Distracted driving in Ontario is now the most common cause of accidents on the road, including fatalities.
Increasingly you notice the vehicle ahead of you does not promptly move forward on the green light (because a mobile device is being used). Alternatively, you regularly see the driver beside you using a cell phone while stopped at a red light or during very aggravating stop-and-go gridlock on the 401. You likely also see drivers still talking or texting on their phone while actually driving.
Even holding your mobile device while operating a motor vehicle is a criminal office in Ontario. Yes, that includes while stopped in frustrating traffic and while waiting for the traffic light to turn green.
In Ontario, "[n]o person shall drive a motor vehicle on a highway while holding or using a hand-held wireless communication device or other prescribed device that is capable of receiving or transmitting telephone communications, electronic data, mail or text messages."
Of course, there has been litigation about the scope and meaning of this, including what it means to be holding your mobile device in your vehicle.
Effectively, Ontario Courts have strongly affirmed a total prohibition against even holding your device in your vehicle if you are operating your vehicle at the time for any purpose.
Case in Point:
R. v. Kazemi, a 2013 criminal case decided by the Court of Appeal. It was asked to consider what it means to hold or use a handheld device in the context of operating a vehicle.
A police officer noticed a driver with her mobile device in her hand while stopped at a red light. When she was pulled over, the driver told the police officer that her cell phone had been on the seat of her car, but that it had previously dropped to the floor when she braked for the traffic light.

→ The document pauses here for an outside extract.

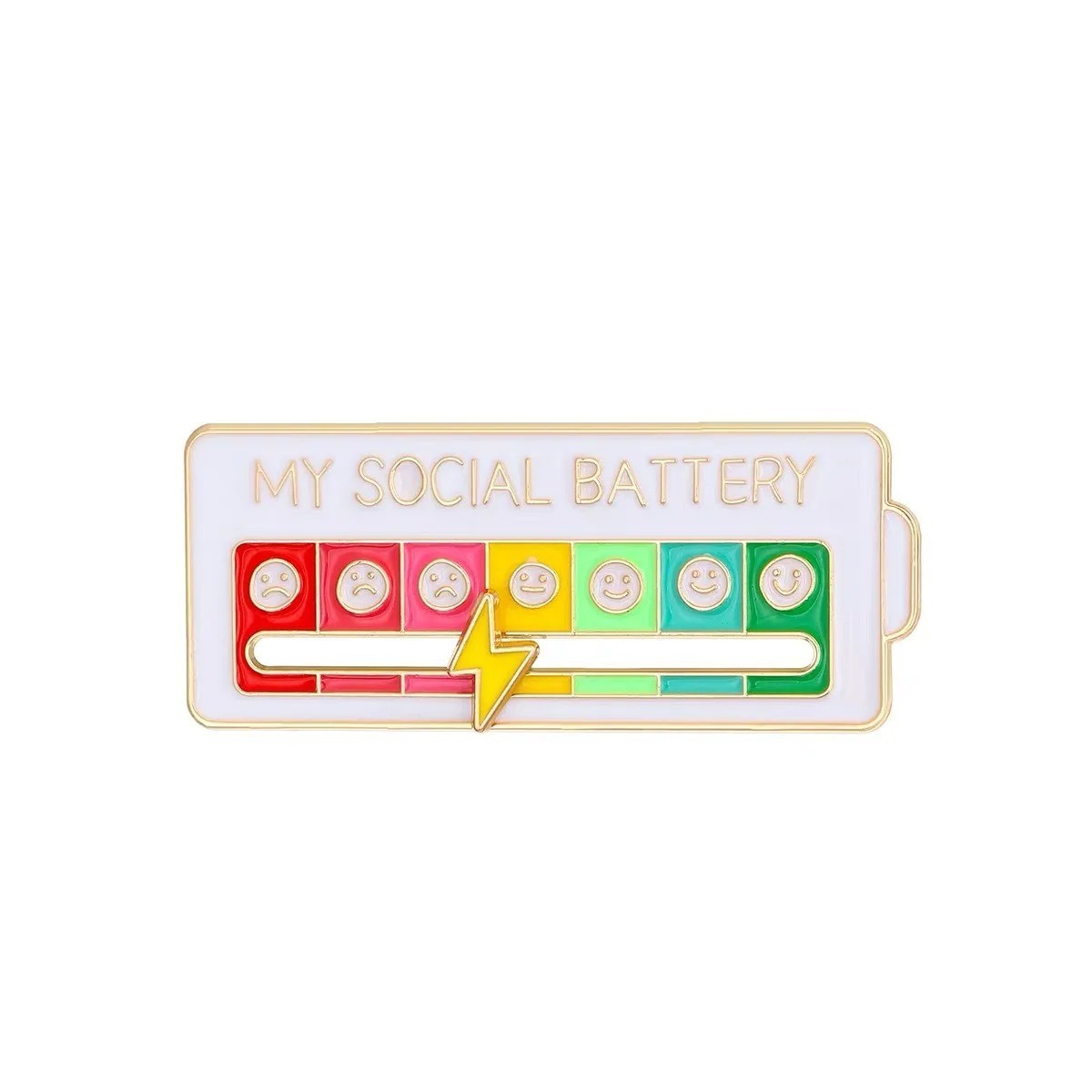 Funny Social Battery Slider Pin – 7-Mood Expression Badge, Cute Interactive Pin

The driver claimed that when the officer saw her with the cell phone in her hand, she had only been picking it up from the floor while safely stopped at a red light.
She was charged with distracted driving.
The Court had to decide whether her actions constituted a holding or using of a hand-held wireless communication device.
Ultimately, after several lower Court’s decisions, the Court of Appeal convicted the driver for distracted driving, holding that the driver's actions did constitute the holding of a cell phone.
Specifically, the Court of Appeal held: "[r]oad safety is best ensured by a complete prohibition on having a cell phone in one's hand at all while driving. A complete prohibition also best focuses a driver's undivided attention on driving."
Employers – Take Note:
This has implications for employers in Ontario, too. Health and safety legislation in Ontario, such as the Occupational Health and Safety Act, requires employers to protect the health and safety of workers in their workplaces. A 'workplace' includes a vehicle used for work purposes.
Therefore, employers need to take steps that their employees do not use or hold mobile devices in the course of employment while operating a vehicle.
Employers should have a policy governing the permitted use of hand held devices and give limitations or prohibitions on that use, particularly when driving, along with a statement that disciplinary action will be taken for violations of the policy. Employers should also make sure that employees are properly trained on the policy and reminded of it on a regular basis, like any other workplace policy.
This WARDSPC BLAWG is for general information only. It is not legal advice, or intended to be. Specific or more information may be necessary before advice could be provided for your circumstances.